Take the lines below from the one with "Okay, this is" through the one with "Data is power. Power your data with InFactum." and print only them, exactly. Don't print the pictures.

◆ Source data

_ _ _

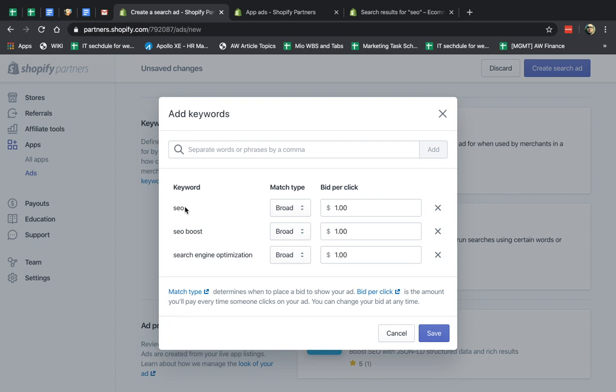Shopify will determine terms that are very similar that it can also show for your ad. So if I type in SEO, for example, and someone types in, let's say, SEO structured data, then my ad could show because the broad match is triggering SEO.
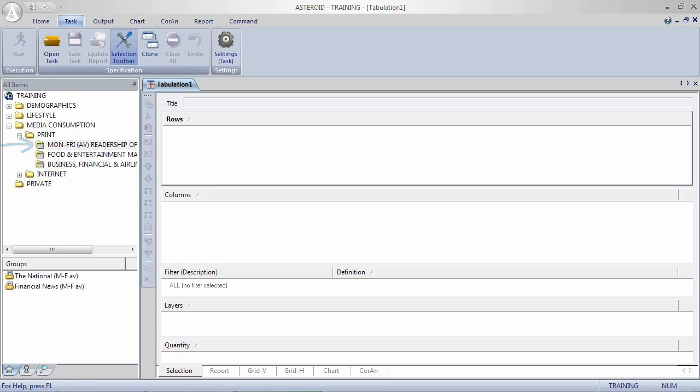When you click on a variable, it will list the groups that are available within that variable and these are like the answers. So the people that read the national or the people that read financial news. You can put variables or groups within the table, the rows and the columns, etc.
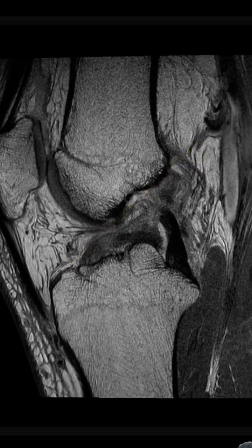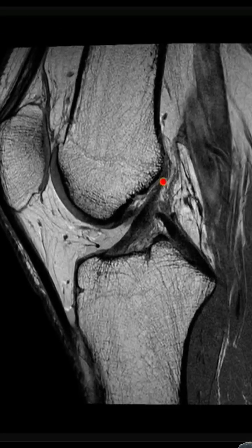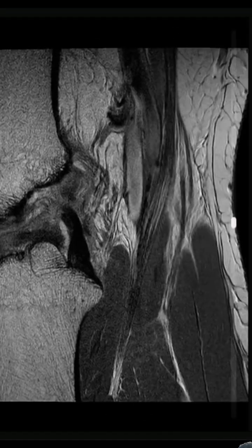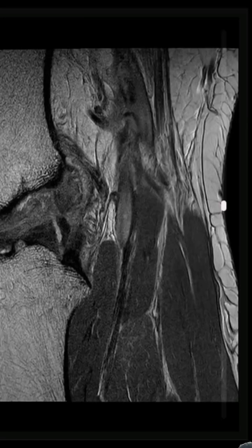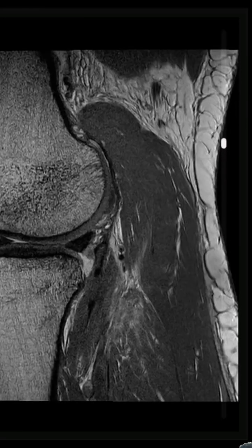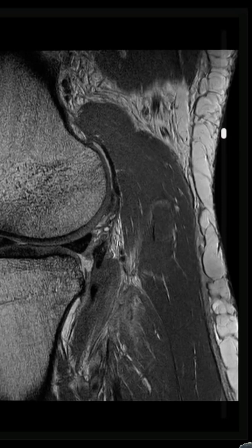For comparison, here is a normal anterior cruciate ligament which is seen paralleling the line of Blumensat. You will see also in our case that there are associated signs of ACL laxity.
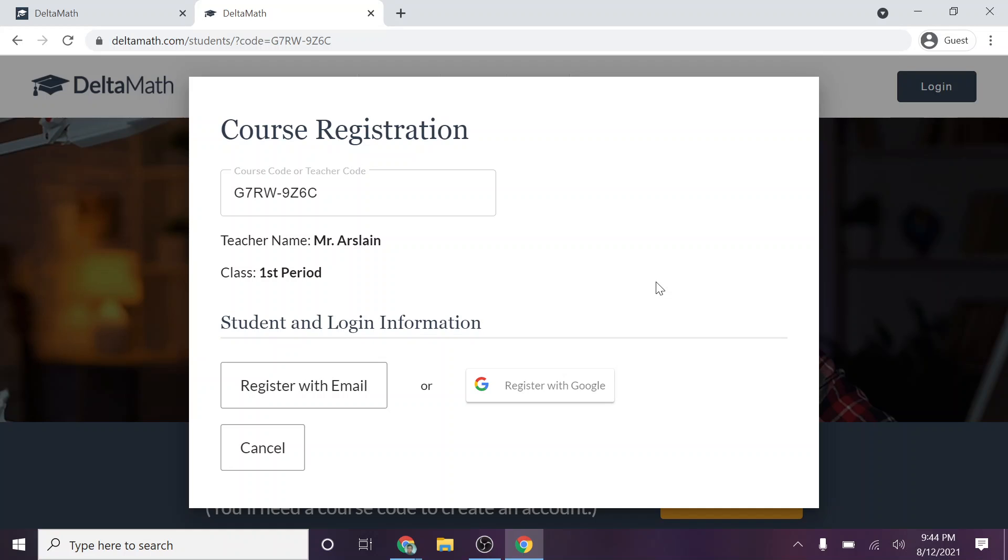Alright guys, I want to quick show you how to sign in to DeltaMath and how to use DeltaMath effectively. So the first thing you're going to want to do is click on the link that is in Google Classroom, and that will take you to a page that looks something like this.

_ _ _

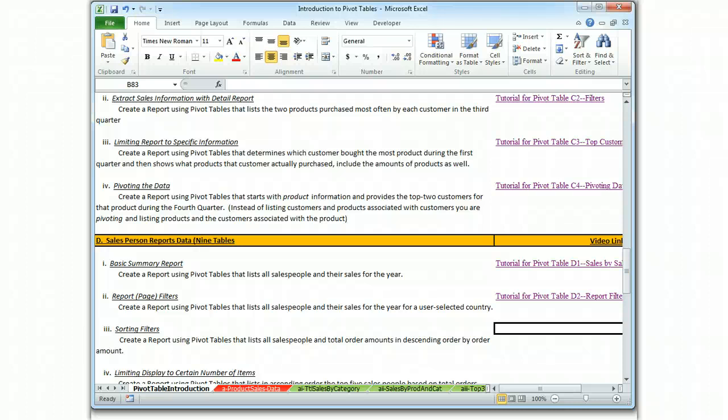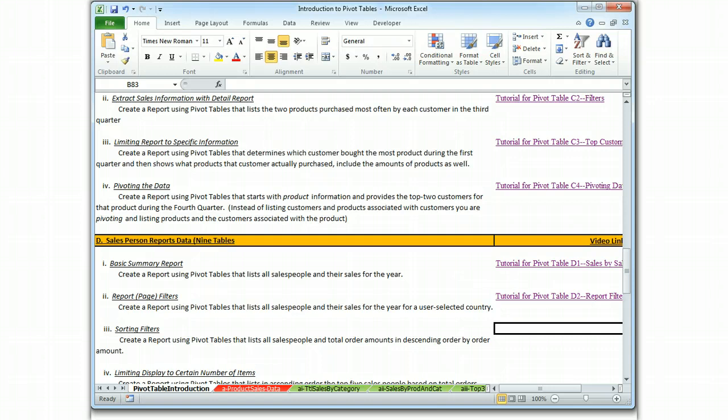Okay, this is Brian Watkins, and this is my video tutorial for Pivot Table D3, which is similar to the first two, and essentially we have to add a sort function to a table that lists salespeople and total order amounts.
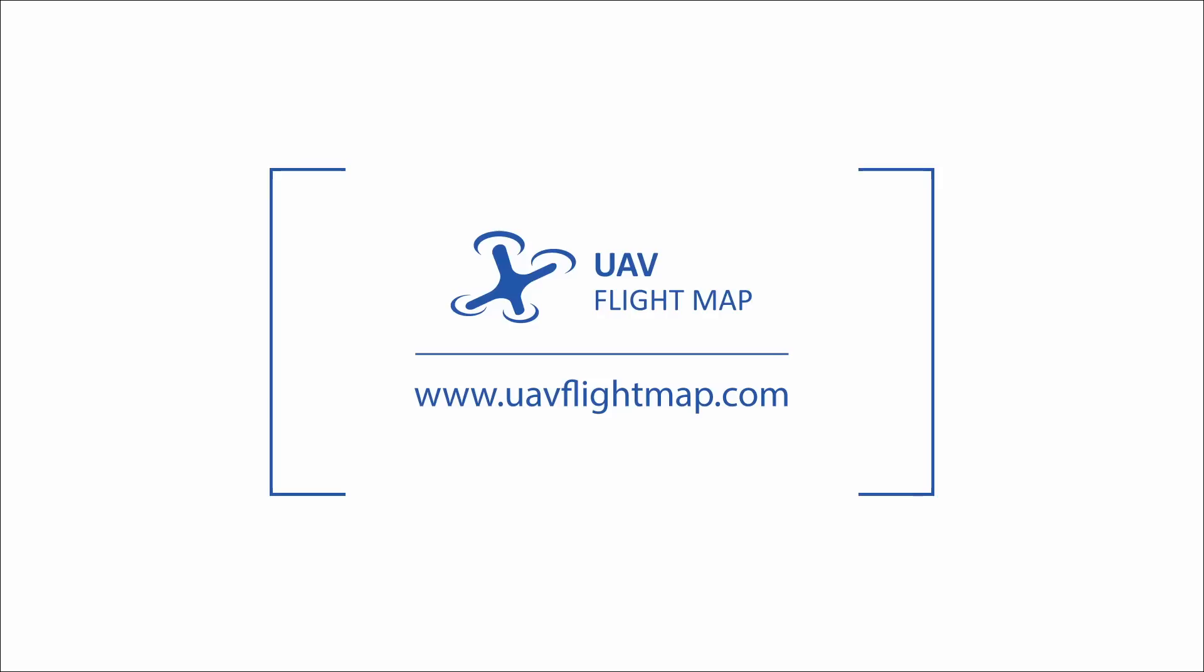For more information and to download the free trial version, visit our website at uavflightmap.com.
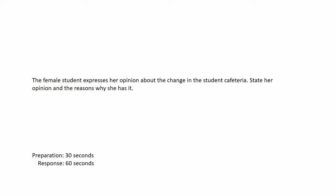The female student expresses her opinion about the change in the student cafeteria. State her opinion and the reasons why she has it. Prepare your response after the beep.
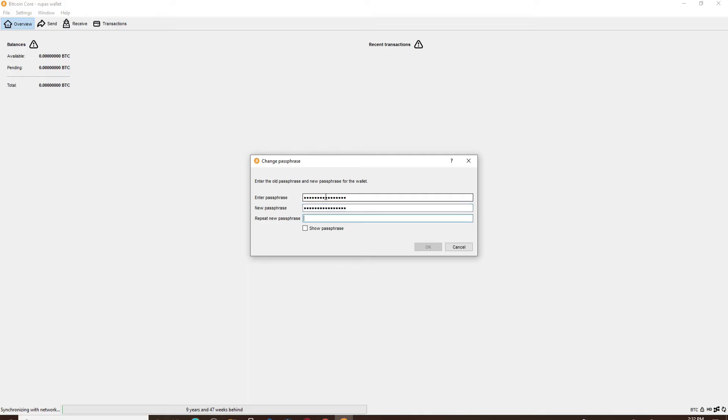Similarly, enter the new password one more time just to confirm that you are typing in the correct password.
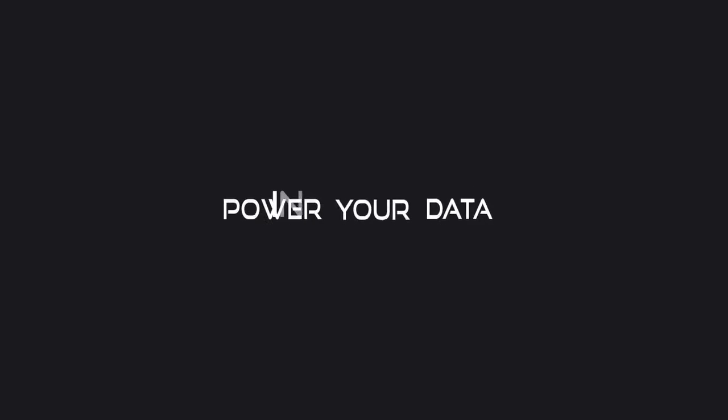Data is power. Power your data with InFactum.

_ _ _

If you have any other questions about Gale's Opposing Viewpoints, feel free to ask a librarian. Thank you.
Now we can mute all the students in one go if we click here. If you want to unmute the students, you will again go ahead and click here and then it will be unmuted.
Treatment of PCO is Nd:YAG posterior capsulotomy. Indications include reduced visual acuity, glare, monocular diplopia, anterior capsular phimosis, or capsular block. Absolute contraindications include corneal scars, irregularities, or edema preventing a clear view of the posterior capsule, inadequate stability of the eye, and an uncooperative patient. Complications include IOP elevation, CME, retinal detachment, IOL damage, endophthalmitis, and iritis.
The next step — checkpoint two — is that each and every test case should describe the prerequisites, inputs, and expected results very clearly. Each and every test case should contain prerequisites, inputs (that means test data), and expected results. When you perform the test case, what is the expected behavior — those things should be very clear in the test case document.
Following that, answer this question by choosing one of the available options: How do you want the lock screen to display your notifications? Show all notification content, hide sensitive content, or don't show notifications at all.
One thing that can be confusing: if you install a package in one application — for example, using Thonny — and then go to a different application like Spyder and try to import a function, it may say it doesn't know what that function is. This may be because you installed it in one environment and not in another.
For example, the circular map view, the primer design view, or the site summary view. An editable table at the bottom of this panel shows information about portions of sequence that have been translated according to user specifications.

_ _ _

◆ Answer to the exercise
Okay, this is Brian Watkins, and this is my video tutorial for Pivot Table D3, which is similar to the first two, and essentially we have to add a sort function to a table that lists salespeople and total order amounts.
For more information and to download the free trial version, visit our website at uavflightmap.com.
The female student expresses her opinion about the change in the student cafeteria. State her opinion and the reasons why she has it. Prepare your response after the beep.
Similarly, enter the new password one more time just to confirm that you are typing in the correct password.
Data is power. Power your data with InFactum.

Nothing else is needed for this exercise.